Anyone currently holding Target (TGT) stock can be forgiven for being grumpy over the past year or so. Shares of this blue-chip are down more than 15% in the past year, the company was the focal point of one of the biggest consumer hacks in history, and things got so bad that CEO Gregg Steinhafel was directed toward the exits.
However, for as bad as things have been lately, new money actually would be well-spent in Target.
That’s because amid its many blemishes, TGT stock is one of the best ways to find income in a laughably stingy sector.
Retail Stocks – Pinching Pennies Until the Bitter End
Typically, when you think dividend misers, your head goes straight to tech stocks.

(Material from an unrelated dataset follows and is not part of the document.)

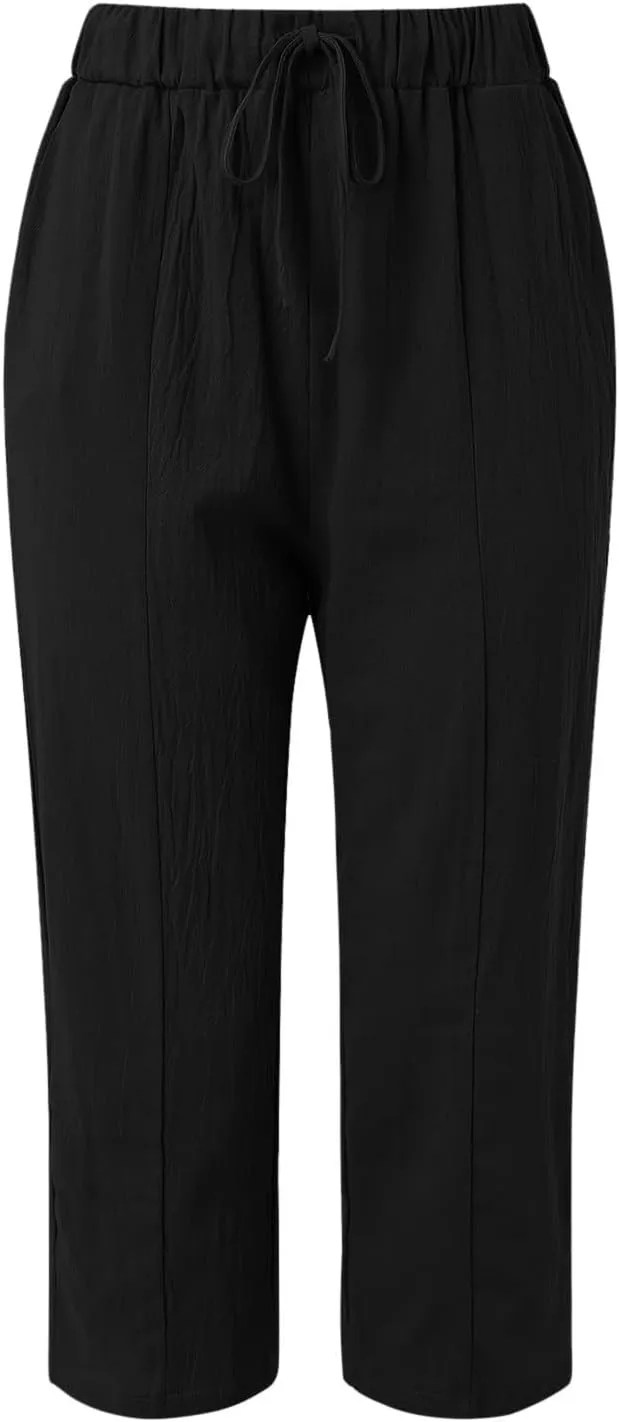 Womens Linen Pants Women High Waist Drawstring Wide Leg Cropped Pants Lightweight Vacation Beach Trousers with Pockets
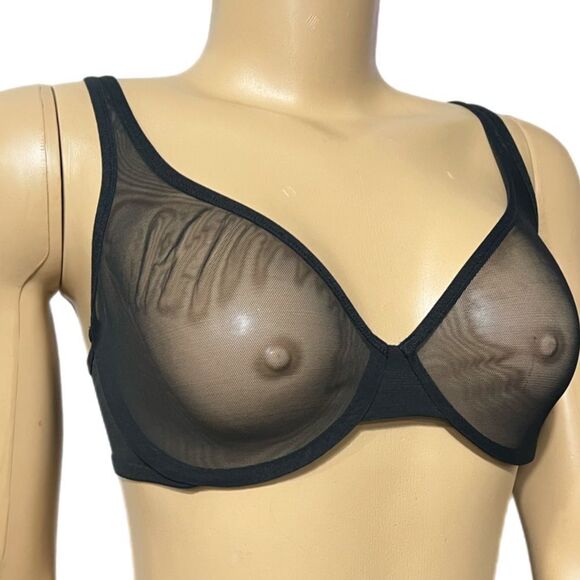 Victorias Secret Supersoft Body Unlined Demi Sexy Sheer mesh bra black 32DD - Picture 1 of 4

And for good reason — when you’re trying to stay ahead of the fastest-moving field in Wall Street, R&D is your lifeblood, so that’s where the cash goes.
However, as many tech stocks have matured, yields have slowly grown in the sector, and many legacy names in the space now make for excellent sources of income.
No, if you really want to call cheapskate shenanigans, you should be calling them on retail.
If you take a look at the nine major sectors as represented by State Street’s (STT) SPDR ETFs you actually find that it’s the Consumer Discretionary SPDR (XLY) — which holds Target stock and other retailers — at the bottom of the dividend pile with a paltry yield of 1.25%.
To paint a more accurate picture, the SPDR S&P Retail ETF (XRT), which is far more concentrated in traditional retailers, yields just 0.69%.
Which is why, in the world of retail stocks, Target — with its generous 3.4% payout — should be viewed no less than a benevolent god right now.
TGT Stock – Its Pain Really Is Your Gain
There are two ways for a stock’s dividend yield to go up:
- The company increases the amount of money it pays in dividends on a regular basis.
- The stock price goes down. After all, if yield is just dividends divided by share price, and you’re dividing by a smaller share price, well … you’re going to get a bigger number.
TGT stock is the beneficiary of both.
Shares have dwindled by 15% in the past year, exaggerating the effects of a very aggressive dividend growth plan that has seen quarterly payouts jump from 16 cents per share in 2009 to 52 cents currently — a darn impressive 225% improvement.
That said, a good yield doesn’t mean squat if you’re holding a crappy stock. But TGT is far from a crappy stock.